▶ Data in this exercise
───

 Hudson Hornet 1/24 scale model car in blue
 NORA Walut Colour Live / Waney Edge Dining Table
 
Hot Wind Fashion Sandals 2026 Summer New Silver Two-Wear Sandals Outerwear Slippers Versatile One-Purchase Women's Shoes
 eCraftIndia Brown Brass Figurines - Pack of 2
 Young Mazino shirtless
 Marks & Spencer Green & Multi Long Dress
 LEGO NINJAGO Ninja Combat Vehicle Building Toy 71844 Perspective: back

───

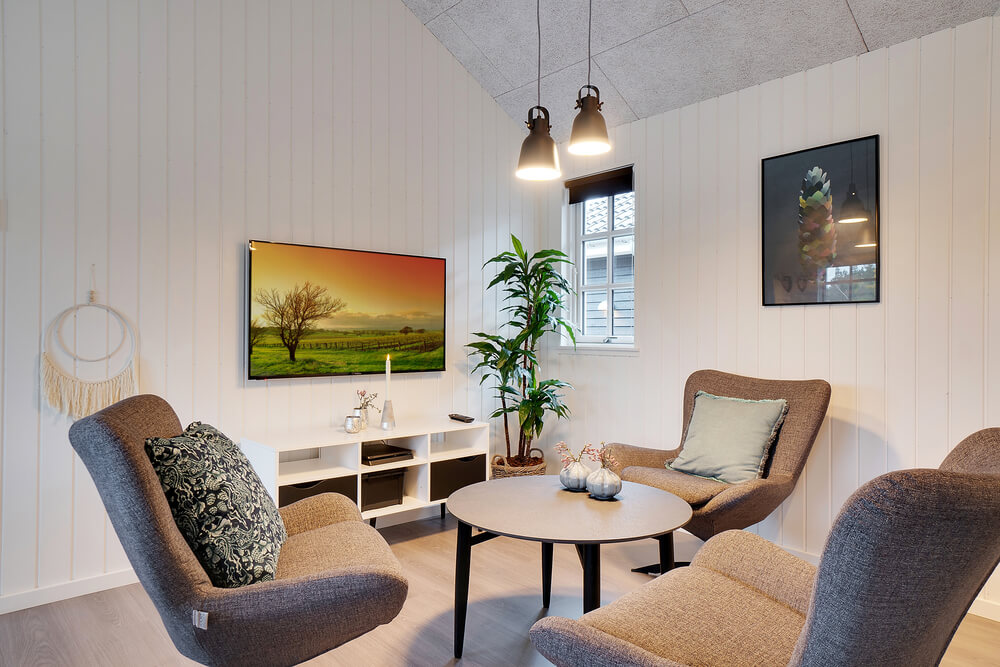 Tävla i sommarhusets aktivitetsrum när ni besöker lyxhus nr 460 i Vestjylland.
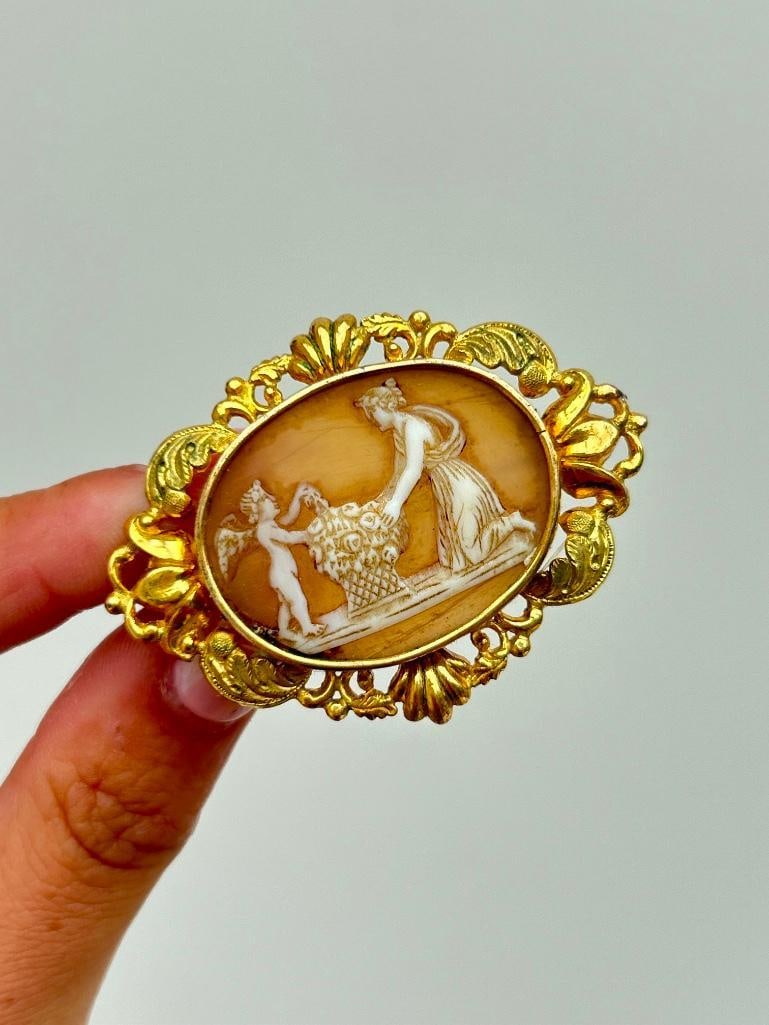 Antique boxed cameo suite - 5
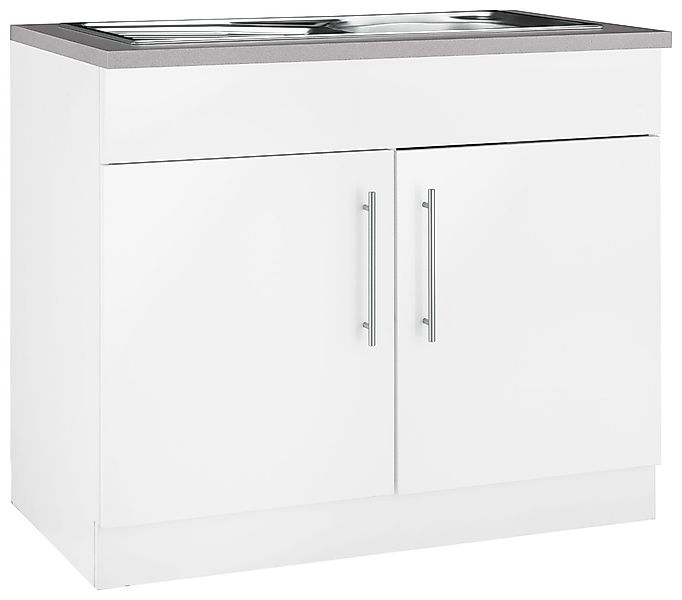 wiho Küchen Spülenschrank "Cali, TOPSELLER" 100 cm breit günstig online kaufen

───

▶ Your assignment
Would you retype exactly the lines above, from the line with "Hot Wind Fashion" to the line with "LEGO NINJAGO Ninja", with both end lines kept and nothing more?

▶ Solved problem
Hot Wind Fashion Sandals 2026 Summer New Silver Two-Wear Sandals Outerwear Slippers Versatile One-Purchase Women's Shoes
 eCraftIndia Brown Brass Figurines - Pack of 2
 Young Mazino shirtless
 Marks & Spencer Green & Multi Long Dress
 LEGO NINJAGO Ninja Combat Vehicle Building Toy 71844 Perspective: back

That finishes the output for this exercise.